Programmable Network Security – Challenges and Opportunitiesby Sandra Scott-Hayward (Queen’s University Belfast)

Date : 02 december 2022
Place : Web-conference – (Access code: 192737)

Society’s dependence on communication networks for all aspects of day-to-day living; business, education, entertainment etc. makes “the network” a very attractive target for malicious attack, which cyber criminals are only too eager to exploit, attempting to limit or block access to essential services (e.g., healthcare, banking, critical infrastructure etc.), disrupting our daily lives and causing high cost to businesses and individuals. Advances in networking such as Software-Defined Networking (SDN) and Network Functions Virtualization (NFV) have enabled the network availability and scalability required to support massive global connectivity. With SDN and programmable networks, we introduce flexibility to the control and processing of network traffic, which may be leveraged for in-network security functions. However, as we explore the use of network programmability frameworks and languages such as P4 to accelerate packet processing functions for the flexible and scalable connectivity in next-generation networks, we cannot lose sight of the security of the programmable network itself. Indeed, this flexibility and programmability potentially exposes the network devices to compromise.

This talk will explore the opportunities and challenges of programmable network security, developments in the field, and our related research at CSIT/QUB.


Thwarting covert adversaries in FHE pipelinesby Sylvain Chatel (EPFL)

Date : 09 december 2022
Room : Aurigny

Fully Homomorphic Encryption (FHE) enables computations to be executed directly on encrypted data without decryption, thus it is becoming an auspicious solution to protect the confidentiality of sensitive data without impeding its usability for the purpose of analytics. While many practical systems rely on FHE to achieve strong privacy guarantees, their constructions only consider an honest-but-curious threat model by default, FHE provides no guarantees that the cryptographic material has been honestly generated nor that the computation was executed correctly on the encrypted data. In particular, in multiparty settings with numerous clients providing data and one or several servers performing the computation, this threat-model becomes even less realistic. Only recently, the cryptographic community has started analysing the guarantees of FHE under stronger adversaries and proposed solutions tailored to the malicious threat-model, however these efforts have remained theoretical and not applicable to real-life scenarios.

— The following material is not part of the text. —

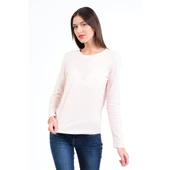 Ekru Bisiklet Yaka Organik Pamuklu Uzun Kollu Tişört - 1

In our work, we aim at reducing this gap by considering covert adversaries that are malicious but rational (i.e., they do not want to be detected when cheating) and we build different systems that protect the FHE pipeline against such entities. We first propose an efficient solution to prove the correctness of homomorphic operations performed by a server without compromising the expressiveness of the FHE scheme. Then, we propose different protocols to secure input verification and correct encryption in settings where the client encrypting its data is not trusted. Our constructions provide baselines to evaluate the impact of the threat model change in FHE pipelines with real-life implementation constraints.


Not so AdHoc testing: formal methods in the standardization of the EDHOC protocolby Charlie Jacomme (Inria Paris)

Date : 16 december 2022
Room : Métivier

We believe that formal methods in security should be leveraged in all the standardisation’s of security protocols in order to strengthen their guarantees. To be effective, such analyses should be:
* maintainable: the security analysis should be performed on every step of the way, i.e. each iteration of the draft;
* pessimistic: all possible threat models, notably all sort of compromise should be considered;
* precise: the analysis should notably include as many real life weaknesses of the concrete cryptographic primitives specified.

In this talk, we illustrate how such a goal may be approached by detailing our analysis of the current IETF draft standard of the EDHOC protocol, as well as our subsequent interactions with its LAKE working group. We will proceed in three steps, first introducing the Sapic+ platform that allows from a single modeling of a protocol to benefit from all the capabilities of multiple automated verification tools (ProVerif, Tamarin, DeepSec). We will then introduce multiple recent advances on how to better model the cryptographic primitives and their real life weaknesses. We will finally show how we leveraged Sapic+ along with the advanced primitive models to analyze the EDHOC protocol and provide feedback to the LAKE working group that has been integrated in latter drafts.